An answer to Garfield

Ever since my three-year-old sister yelled because my mother wouldn't give the family cat a spoon to eat its dinner with, I've been wary of the embarrassing affection cats inspire in otherwise rational beings. Until five months ago a cat, in my eyes, had no more individuality than a fur-covered piece of furniture - a useless piece of furniture at that.

I was a victim of anti-cat propaganda (including cartoons, ''funny books,'' and T-shirts that portray felines as tough, sly animals). Even T. S. Eliot in his whole bookful of cat poems (''Old Possum's Book of Practical Cats'') doesn't once hint at their essential grace and charm.

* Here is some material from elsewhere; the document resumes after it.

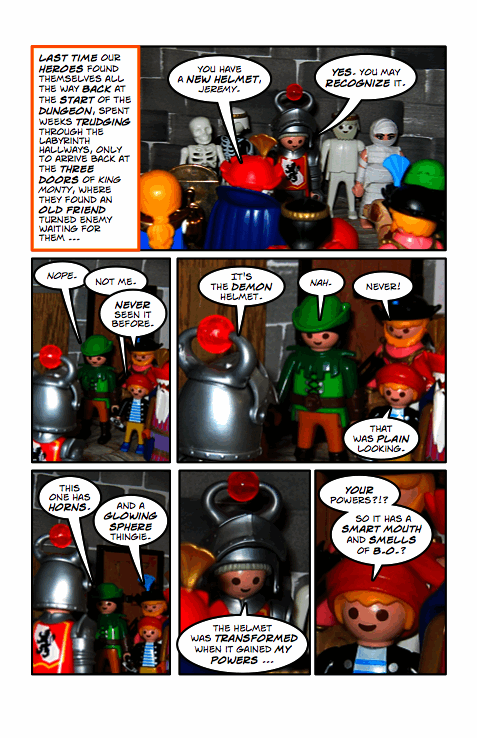 Episode FIFTY-FIVE, page 2 of 7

And so I passed many cat-deprived years without realizing what I was missing. Then friends and family began saying, ''How sad you must be, going home to an empty house at the end of a day. How desperately you need a creature on your lap generating affection.''

But I wasn't. I didn't.

But yes, I would think about it. And so I went to the public library and lugged home all the cat owners' manuals I could find. The message they gave me was unanimous: Adopt a cat as soon as possible from an animal shelter. The kittens there would be clean and healthy, and finding a home was literally a matter of life and death for them. Besides, shelters are in business not for money but for the love of lost and abandoned animals.

So I visited the nearest shelter (the Northeast Animal Shelter in Salem, Mass.), where I was encouraged to pick up any kittens I fancied and interview them. It took two trips before all my resistance was broken down by a small bundle of gray fluff, the size and weight of a baby bird. She could pose for one of those greeting cards that feature kitties in a basket of pansies suggesting that you have a happy birthday.

She was an object I could safely commit myself to. I knew I could go on cherishing her even when she grew out of her kitten cuteness.

The shelter doesn't let just anyone take over an animal. The form it handed me made its commitment to animal welfare crystal clear: ''Your name? Your profession? How long have you owned your house? Give the names of two references. Would you please make a tax-free contribution to the shelter?''

''You take as much care as if I were adopting a baby,'' I said.

''That's how we think of it,'' the adoption counselor replied.

But the people were equally concerned with making me happy. Would I please call up if I had any problems? (I do and get sympathetic advice.)

The shelter would get in touch with me and see how the animal was faring, and if I wasn't taking proper care of her, it would remove her. I had to promise to get her neutered, a process that does not harm the cat or change its essential nature. More important, many unwanted kittens have to be destroyed every year, and neutering has become a social obligation.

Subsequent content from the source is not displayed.